Hier ist die zweite Botschaft von Ostern: Der Glaube ist keine Antiquitätensammlung, Jesus ist nicht eine Gestalt, die längst überholt ist. Er lebt, hier und jetzt. Er begleitet dich jeden Tag – bei der Situation, die du gerade erlebst, bei der Prüfung, die du durchmachst, bei den Träumen, die du hegst. Er eröffnet neue Wege, wo du meinst, es gäbe keine, er bringt dich dazu, dagegen anzukämpfen, dem Vergangenem nachzuweinen oder alles als „schon dagewesen“ abzutun. Auch wenn dir alles verloren erscheint, bitte öffne dich staunend für das Neue, das er verheißt: Er wird dich überraschen.
Nach Galiläa gehen bedeutet auch, an die Grenzen zu gehen. Denn Galiläa ist der am weitesten entfernte Ort: In dieser bunt zusammengesetzten Region leben diejenigen, die am weitesten von der rituellen Reinheit Jerusalems entfernt sind. Und doch beginnt Jesus von dort aus seine Mission und wendet sich mit seiner Verkündigung an alle, die sich im Alltag nur mühsam durchschlagen, er wendet sich mit seiner Verkündigung an die Ausgegrenzten, die Schwachen, die Armen. Er will für sie Antlitz und Gegenwart Gottes sein, der unermüdlich die Verzagten und die Verlorenen sucht, der bis an die Grenzen der Existenz geht, weil in seinen Augen niemand ein Letzter, niemand ausgeschlossen ist. Der Auferstandene bittet die Seinen, dorthin zu gehen, auch heute bittet er uns, nach Galiläa zu gehen, in dieses wirkliche „Galiläa“. Dorthin, wo sich das täglichen Leben abspielt, zu den Straßen, auf denen wir jeden Tag unterwegs sind, in die verschiedenen Winkel unserer Städte – dorthin geht der Herr uns voraus und dort zeigt er sich, gerade im Leben derer, die an unserer Seite leben und mit uns Zeit, Haus, Arbeit, Nöte und Hoffnungen teilen. In Galiläa lernen wir, dass wir den auferstandenen Herrn in den Gesichtern unserer Brüder und Schwestern finden können – im Enthusiasmus derer, die träumen, und in der Resignation derer, die verzagt sind, im Lächeln derer, die sich freuen, und in den Tränen derer, die leiden, besonders in den Armen und in denen, die an den Rand der Gesellschaft gedrängt werden. Wir werden staunen, wie sich Gottes Größe im Kleinen offenbart, wie seine Schönheit in den Einfachen und Armen aufstrahlt.

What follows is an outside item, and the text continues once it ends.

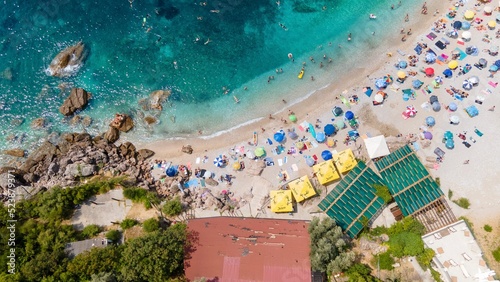 Aerial view from flying drone. People relax on a beautiful beach surrounded by greenery and rocks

Dies also ist die dritte Botschaft von Ostern: Jesus, der Auferstandene, liebt uns uneingeschränkt und kommt zu uns in jeder Lebenslage. Er hat seine Gegenwart in das Herz der Welt eingepflanzt und lädt auch uns ein, Barrieren zu überwinden, Vorurteile abzubauen, auf die Menschen um uns herum zuzugehen und die Gnade des Alltäglichen neu zu entdecken. Lasst uns erkennen, dass er in unserem Galiläa, in unserem Alltag gegenwärtig ist. Mit ihm wird sich das Leben verändern. Denn jenseits aller Niederlagen, des Bösen und der Gewalt, jenseits allen Leids und jenseits des Todes lebt der Auferstandene und lenkt er die Geschichte.
Schwester, Bruder, wenn du in dieser Nacht in deinem Herzen eine dunkle Stunde trägst, einen Tag, der noch nicht angebrochen ist, ein verschüttetes Licht, einen zerbrochenen Traum, dann geh und öffne dein Herz voll Staunen für die Osterbotschaft: „Erschrick nicht, er ist auferstanden! Er wartet auf dich in Galiläa“. Deine Erwartungen werden nicht unerfüllt bleiben, deine Tränen werden getrocknet werden, deine Ängste werden von der Hoffnung besiegt werden. Denn der Herr geht dir immer voraus, er geht immer vor dir. Und mit ihm beginnt das Leben immer neu.